Thursday, December 04, 2008

Freud Doesn't Live Here

I hate it when people apologize for not updating their blogs.

Obviously, they feel that they need to apologize for having a REAL life. Well, ask any of my extended family and they'll tell you how much I apologize for nothing.

Actually the whole disappearing into silence thing is rather common for me in my real life. I've been pondering the whole "Am I a bad relative because I just keep my head down and live my own life and only come up for high holy days and only then when there is beer?" We will be spending the winter holidays in the same manner that we spend all holidays. Surrounded by the entirety of us and only us.

Ours is a marriage of black sheep. When we got hitched, our goal was to live somewhere far away from our relatives and when homesteading in Alaska fell through (I had second thoughts about having to chew through the umbilical cord after giving birth on the barren frozen tundra while fending off wolves. And after seeing Sarah Palin, I think I chose wisely.) we ended up in Duluth, MN.

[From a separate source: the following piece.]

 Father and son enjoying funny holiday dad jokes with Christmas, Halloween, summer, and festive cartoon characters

All of this crap has been rolling around in my head as I've been to a couple of functions where my obvious distaste for small talk and most normal human interactions had me leaning up against the wall in the background sending emo-waves out to all the teenagers. As people tried to approach me with clever little stories of their lives, all I could think about was this: My entire life has been a paean to being a sullen prickly outsider. I can be quite fun at parties, dinners, and the occasional bris, but I have to choose when and where to open up. There are times when I stand in a crowd at a function and I just want to scream at how incredibly boring it all is and then I do a gut check and think, perhaps , just perhaps, I am a HUGE FUCKING BITCH.

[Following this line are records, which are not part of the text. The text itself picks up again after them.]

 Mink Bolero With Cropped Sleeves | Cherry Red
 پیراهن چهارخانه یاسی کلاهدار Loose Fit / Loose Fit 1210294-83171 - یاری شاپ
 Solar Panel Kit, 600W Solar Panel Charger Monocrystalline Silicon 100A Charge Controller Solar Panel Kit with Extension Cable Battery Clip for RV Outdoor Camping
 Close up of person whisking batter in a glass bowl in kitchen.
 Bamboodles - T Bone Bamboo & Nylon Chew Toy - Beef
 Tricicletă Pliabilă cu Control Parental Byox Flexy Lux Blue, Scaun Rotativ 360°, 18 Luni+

Not to put too fine a point on it.

Do social butterflies have to put on their game face before hitting the streets? Does the Queen of England ever turn to Phillip and say "Damn it all! I don't want to go to the embassy tonight! Let's order Chinese!" Do I have to stand in the middle of crowds with a frozen look on my face as I think back to the little girl that I was in kindergarten who only colored with the black crayons and played alone on the playground? Or can I just realize that the entire weight of the intellectual world does not ride on how interesting or stimulating Mrs. Blue Eye Shadow's story is. Perhaps, just perhaps, I need to get over myself.

3 comments:

Anonymous said...

No, sweetie, it is not necessarily You that is the odd one out at these gatherings. Consider the small city in which you choose to nest and rear young is the repository for those who have never wanted High School to end, refugees from da Range, and the bigger fish that would otherwise drown in a relatively larger pond.

YOU ARE HERE!

As one that has escaped and discovered the joys of larger Cities, including New York, I can say the World is Different once you have Lived outside the proverbial womb of tiny town "safety".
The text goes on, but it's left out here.